Un caïd est en prison. Il prend sous son aile un jeune codétenu qui y a été infiltré par la police. Mais le caïd a vent de la manœuvre. Plutôt que de démasquer la taupe, il en fait son bras droit à sa sortie de prison.

Difficile de présenter la complexe mécanique de Sans pitié sans en dévoiler une partie de l’horlogerie. Les cinq lignes du résumé que je viens d’en faire en révèlent déjà une bonne moitié. Mais, amateurs des intrigues à double fond et allergiques aux spoilers, soyez rassurés : il en reste encore une bonne moitié à découvrir.

J’adore les films compliqués. Les films qui exigent du spectateur une attention de chaque instant. Les films dont tous les détails comptent. Les films qui nous mènent en bateau avant de nous laisser estomaqués devant leur révélation finale. L’Arnaqueur (1961) de Robert Rossen ou Engrenages (1987) de David Mamet constituent pour moi les modèles indépassable de ces films à double fond. Usual suspects (1995) mérite aussi sa place dans ce panthéon. Mêlant à son tour l’arnaque au crime, Martin Scorsese réalisait en 2006 un polar nerveux, Les Inflitrés, inspiré d’un film hong-kongais Internal Affairs.

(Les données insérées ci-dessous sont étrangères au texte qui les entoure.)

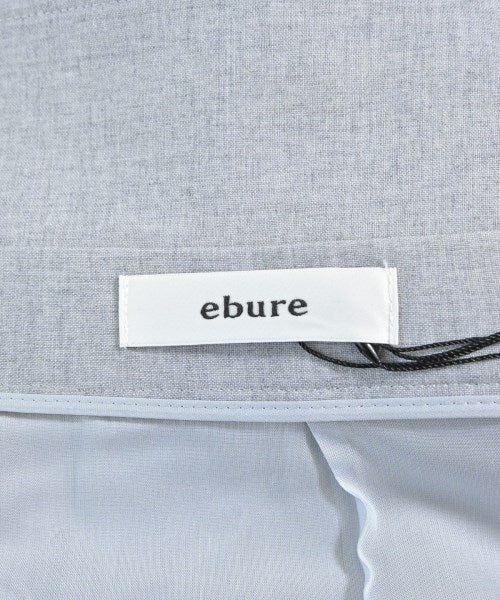 ebure 長裙/超長裙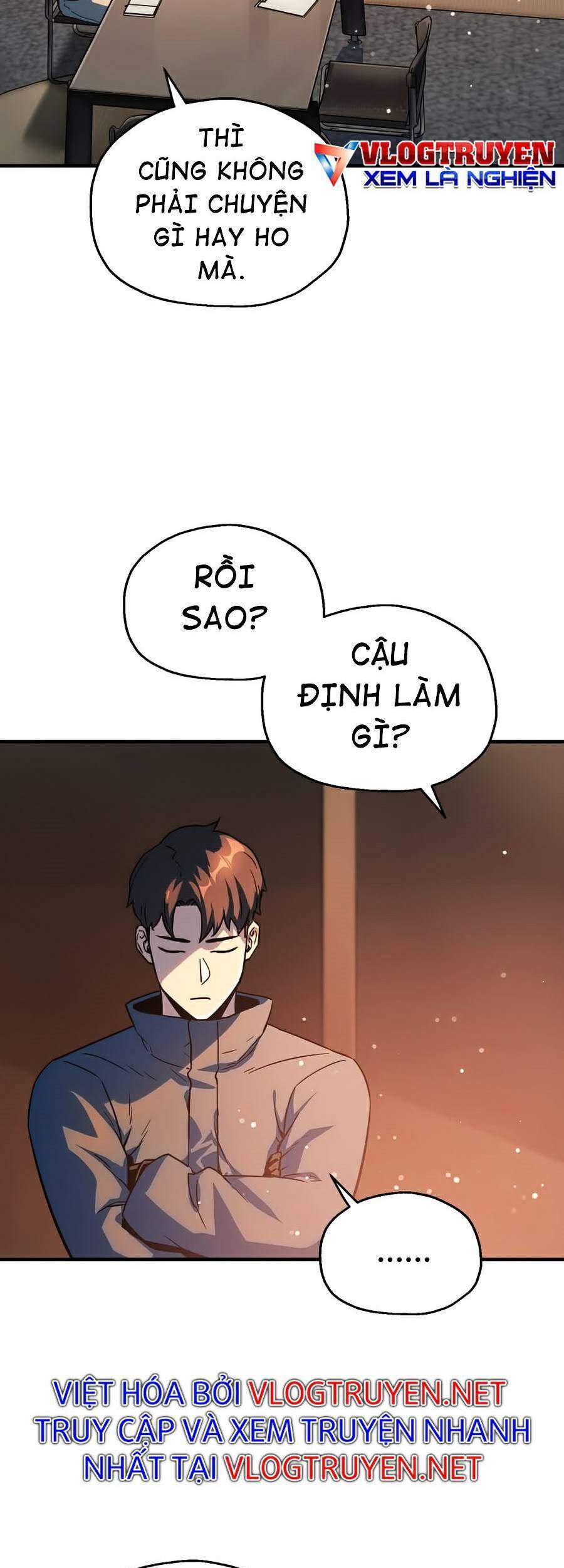 Người Chơi Không Thể Thăng Cấp chapter 47 - Upload bởi truyensieuhay.com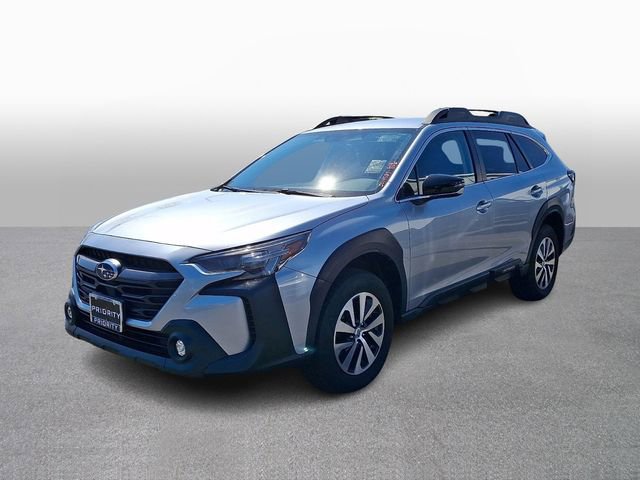 Used 2024 Subaru Outback Premium
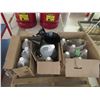 Image 2 : 3.8L DEGREASER ETP-302 (WITH FUNNELS & TUBES)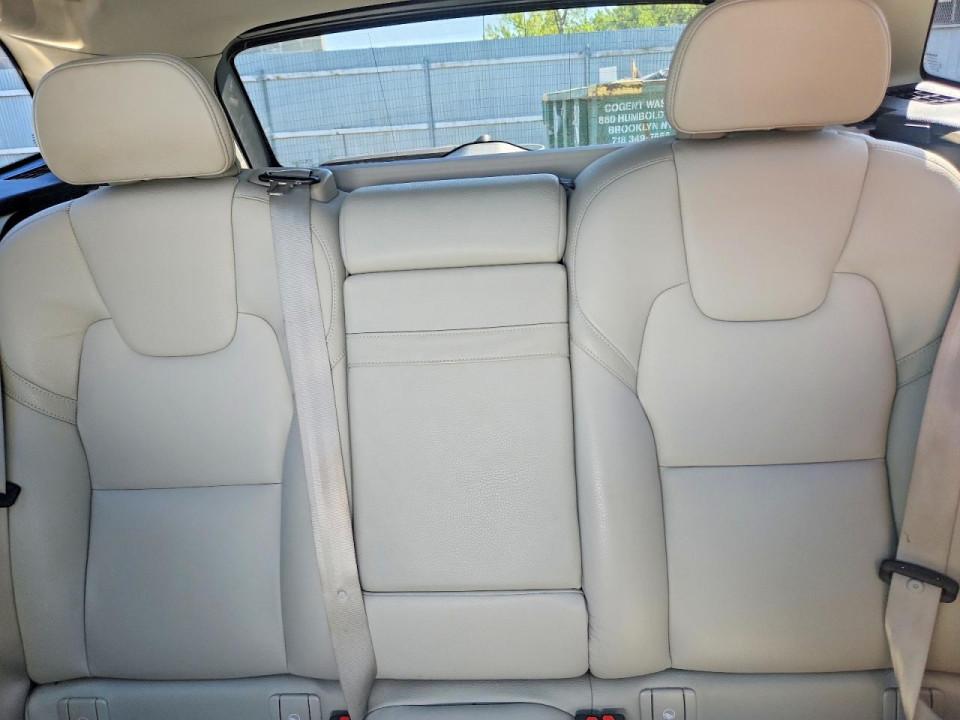 Volvo XC60 2021 — Copart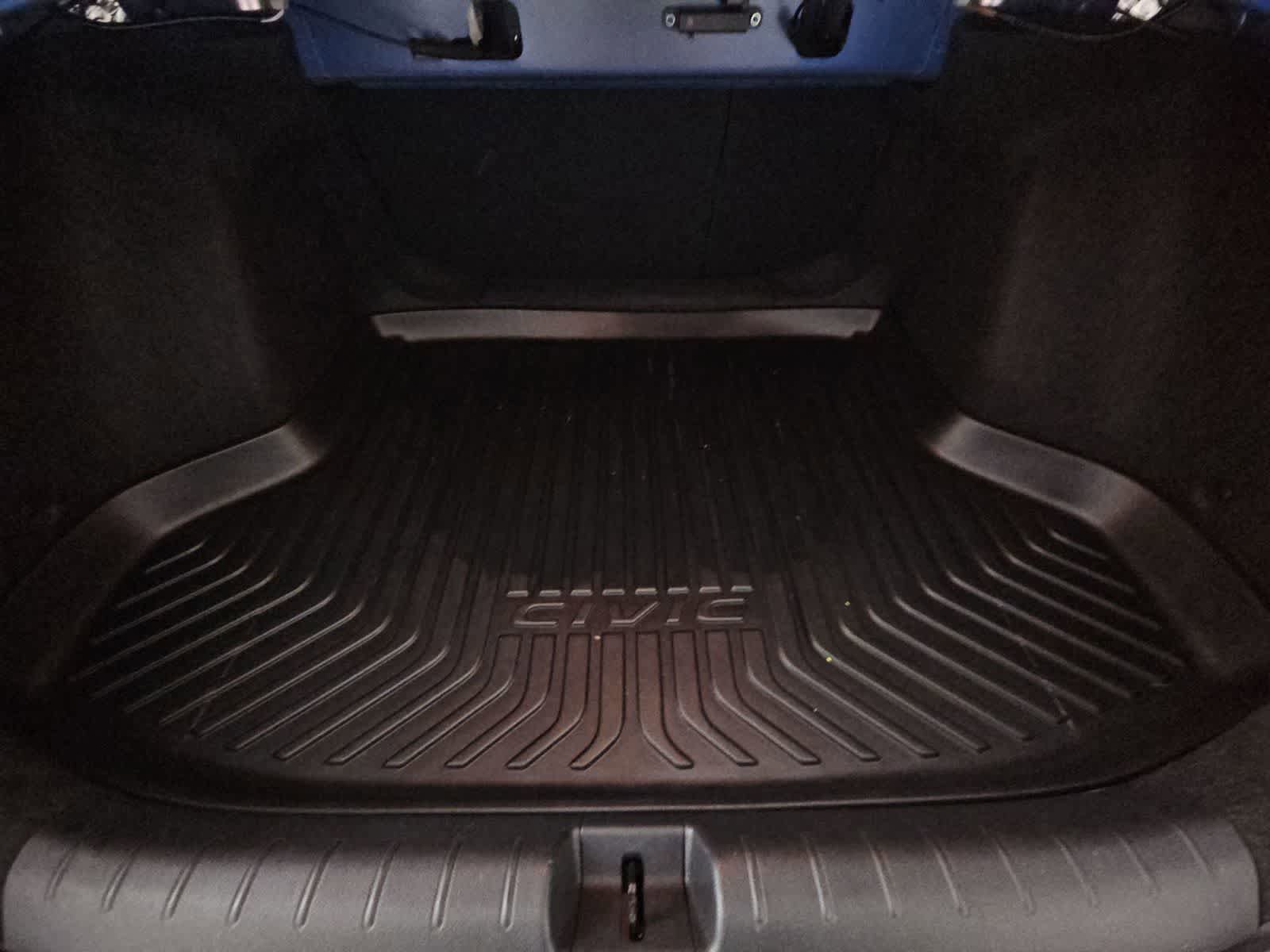 Used 2019 Honda Civic EX-L image 34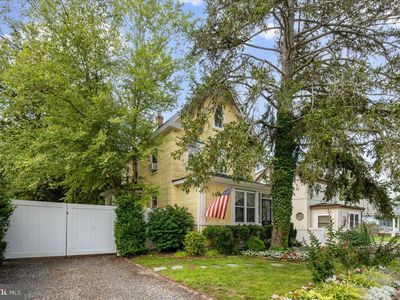 216 Center St, Tuckerton, NJ, 08087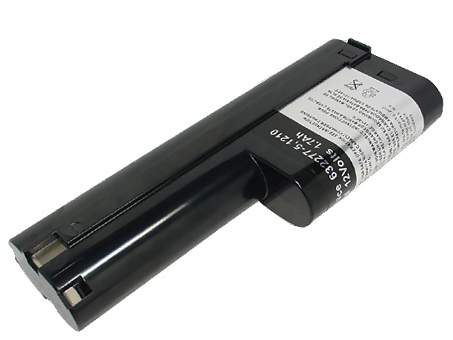 MAKITA 5092DW battery replacement - Ni-cd 2000mAh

Ce sont exactement les mêmes recettes qu’un réalisateur coréen, dont c’est le premier film sorti en Occident, utilise. C’est ce qui fait sa qualité. C’est ce qui m’inspire certaines réserves et, au final, une seule étoile.

Car, les amateurs du genre – et j’en suis – en auront pour leur argent. Jae-Ho, le caïd au rire sardonique, et Hyun-su, le jeune flic surdoué, se livrent au jeu du chat et de la souris sans qu’on sache, jusqu’à la dernière séance, qui des deux deux arnaquera l’autre. La situation se complique par les interventions d’un troisième protagoniste : l’inspectrice de police Cheon qui pilote Hyun-su avec une mâle détermination et un cynisme consommé.

Pour autant, le plaisir qu’on prend à regarder ce film laisse étonnamment peu de traces. Sans pitié s’oublie (très) vite, ce qui est le signe des mauvais crus. Parce que les recettes qu’ils utilisent sont éculés. Parce que ses rebondissements sont trop nombreux et finalement trop artificiels pour marquer vraiment.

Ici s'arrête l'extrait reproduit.